What is being asked
In the copy you make, include no pictures, and transcribe every record exactly.

[Short text fragments from websites]
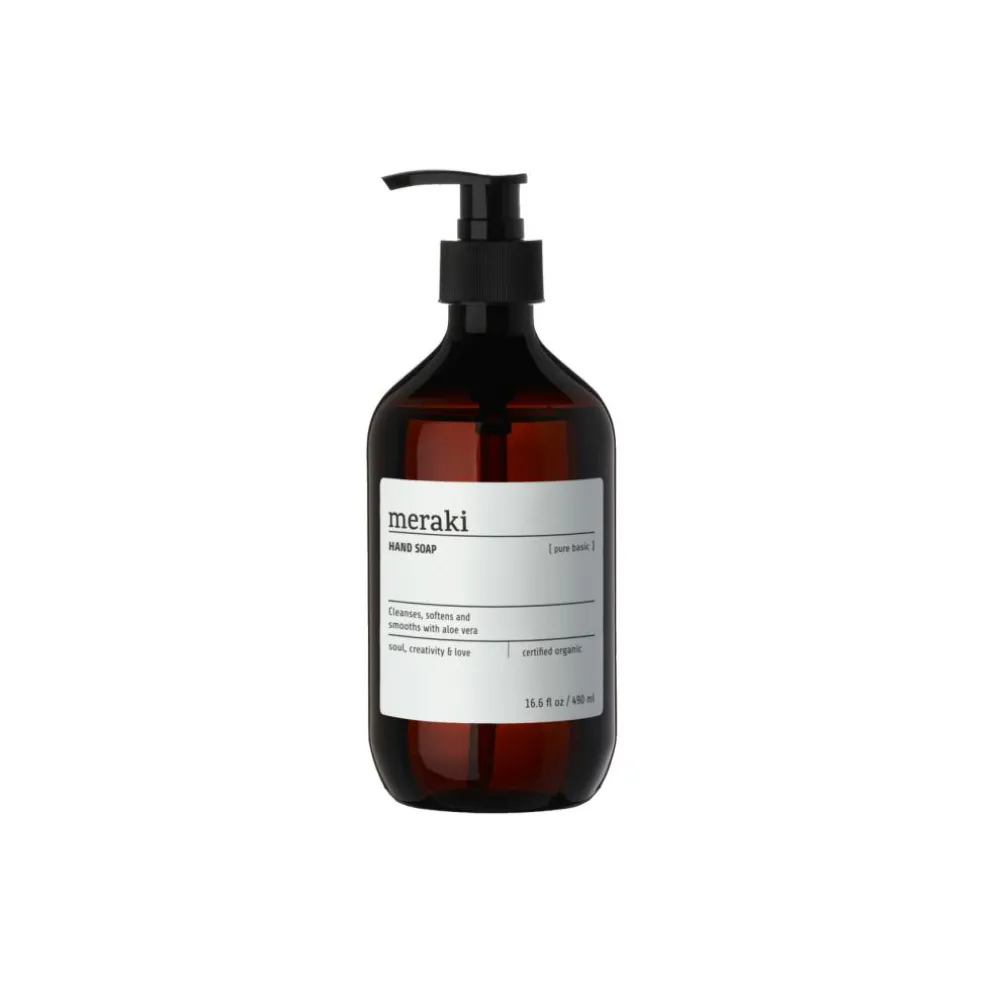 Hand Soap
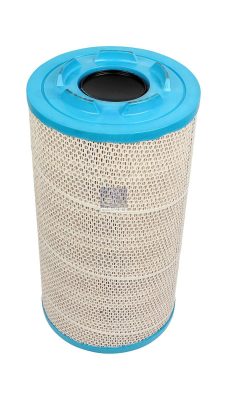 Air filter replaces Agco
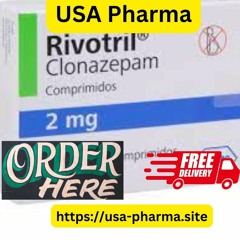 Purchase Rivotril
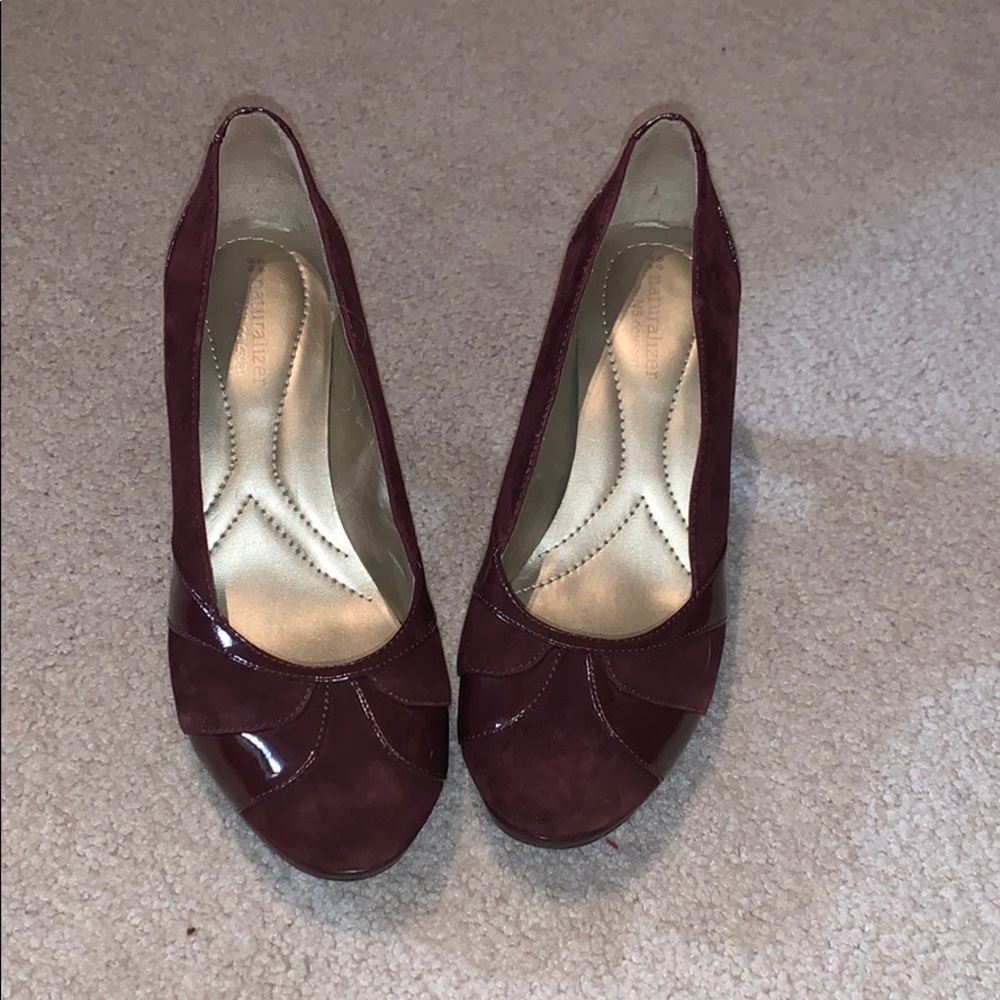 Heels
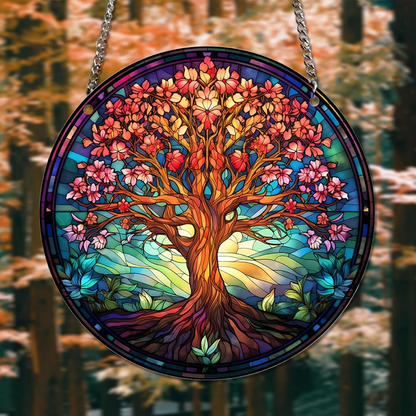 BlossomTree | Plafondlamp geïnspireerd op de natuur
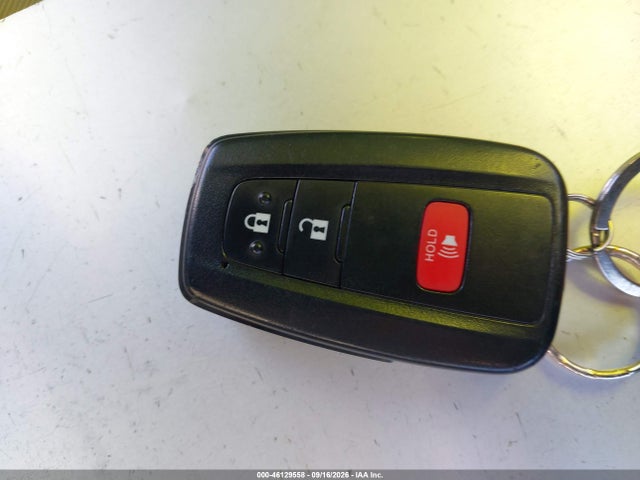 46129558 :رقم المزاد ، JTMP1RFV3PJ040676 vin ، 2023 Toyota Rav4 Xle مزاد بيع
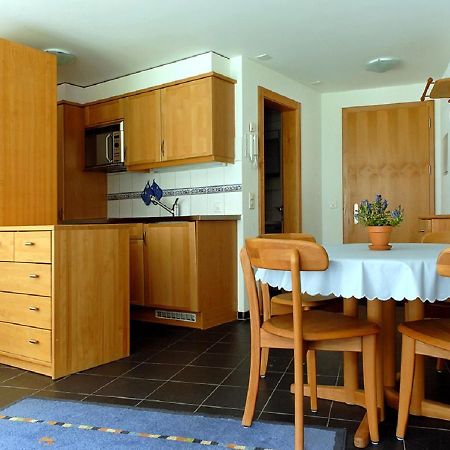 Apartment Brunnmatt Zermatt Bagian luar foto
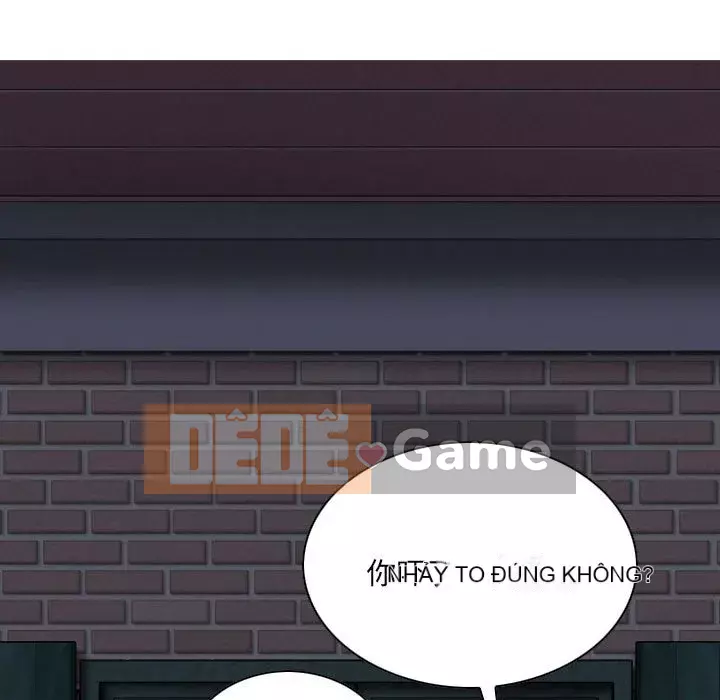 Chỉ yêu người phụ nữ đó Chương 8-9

Written response
 Hand Soap
 Air filter replaces Agco
 Purchase Rivotril
 Heels
 BlossomTree | Plafondlamp geïnspireerd op de natuur
 46129558 :رقم المزاد ، JTMP1RFV3PJ040676 vin ، 2023 Toyota Rav4 Xle مزاد بيع
 Apartment Brunnmatt Zermatt Bagian luar foto
 Chỉ yêu người phụ nữ đó Chương 8-9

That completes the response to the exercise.